Try it:
Copy the lines below, please, starting with the one that contains "索尼这一枚长焦镜头确实非常强悍" and ending with the last. Pictures stay out.

Image-text web data
+--
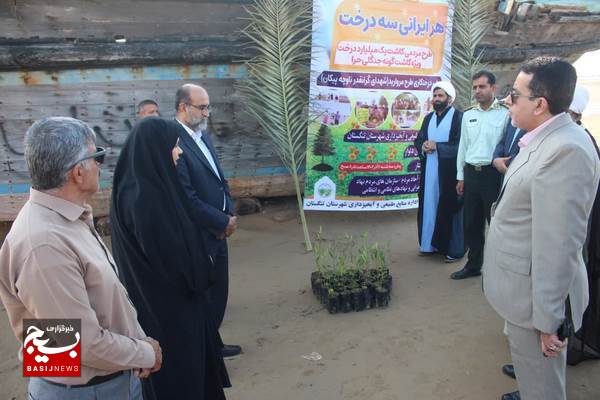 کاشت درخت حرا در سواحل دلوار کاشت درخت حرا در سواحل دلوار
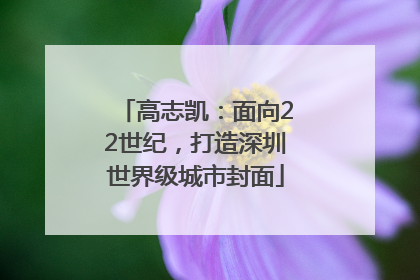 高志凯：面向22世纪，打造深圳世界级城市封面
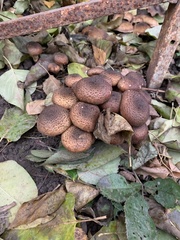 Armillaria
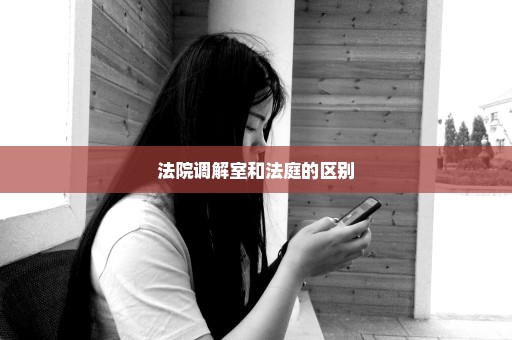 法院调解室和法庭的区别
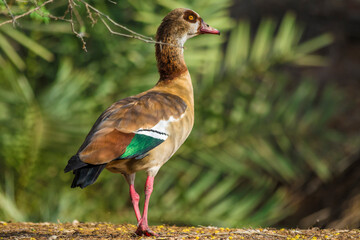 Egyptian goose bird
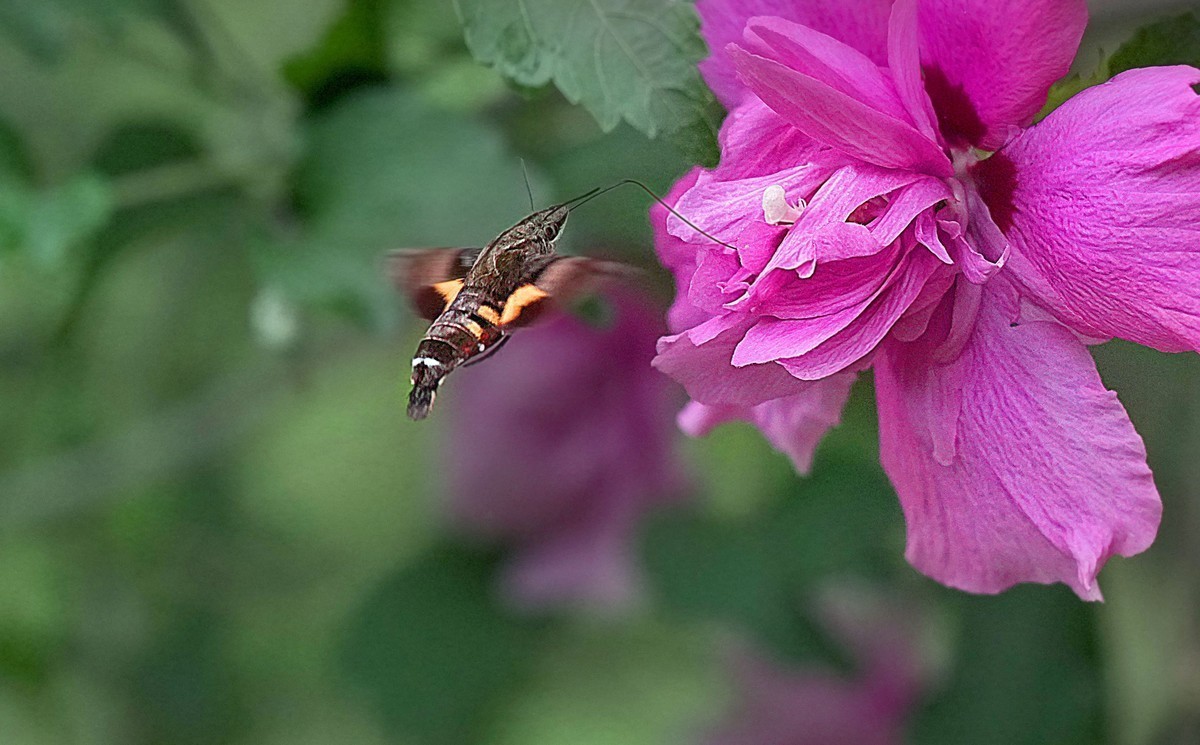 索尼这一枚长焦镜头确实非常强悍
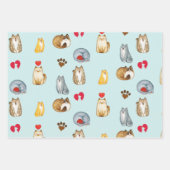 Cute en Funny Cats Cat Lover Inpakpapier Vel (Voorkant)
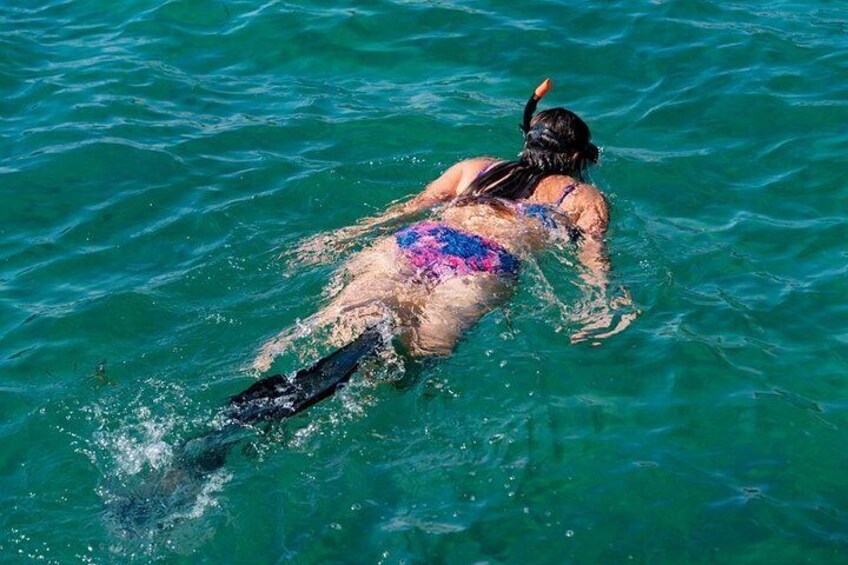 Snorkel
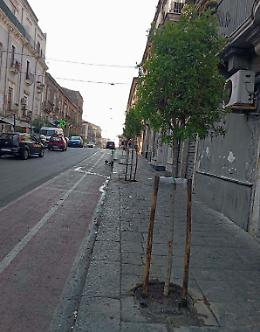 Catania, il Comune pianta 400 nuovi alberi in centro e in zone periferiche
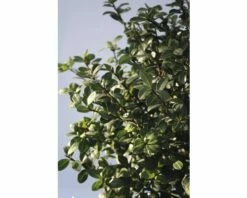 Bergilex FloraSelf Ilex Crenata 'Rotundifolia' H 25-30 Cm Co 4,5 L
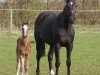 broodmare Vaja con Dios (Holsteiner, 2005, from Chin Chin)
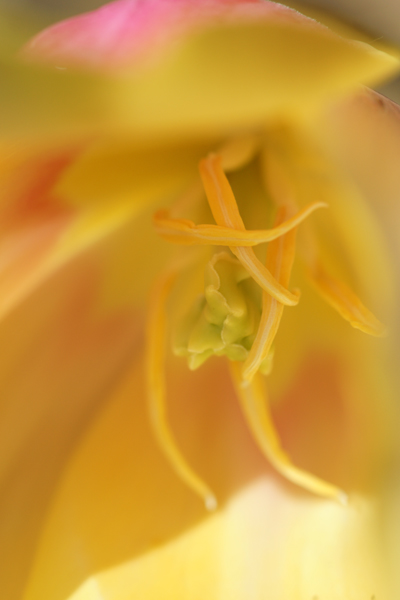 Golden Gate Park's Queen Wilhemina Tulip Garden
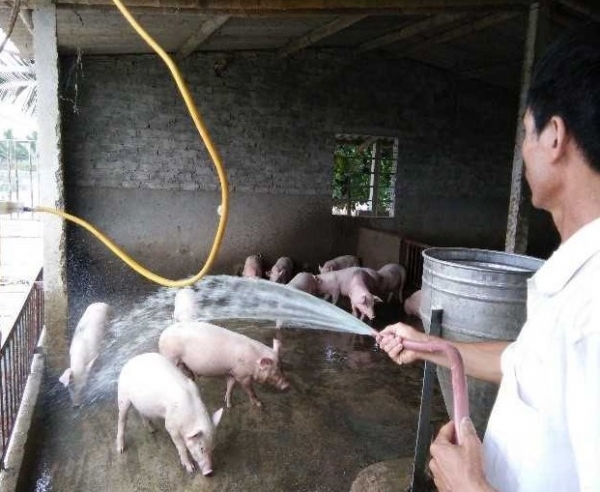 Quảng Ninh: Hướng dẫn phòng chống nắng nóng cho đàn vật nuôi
+--
Solution for this exercise:
 索尼这一枚长焦镜头确实非常强悍
 Cute en Funny Cats Cat Lover Inpakpapier Vel (Voorkant)
 Snorkel
 Catania, il Comune pianta 400 nuovi alberi in centro e in zone periferiche
 Bergilex FloraSelf Ilex Crenata 'Rotundifolia' H 25-30 Cm Co 4,5 L
 broodmare Vaja con Dios (Holsteiner, 2005, from Chin Chin)
 Golden Gate Park's Queen Wilhemina Tulip Garden
 Quảng Ninh: Hướng dẫn phòng chống nắng nóng cho đàn vật nuôi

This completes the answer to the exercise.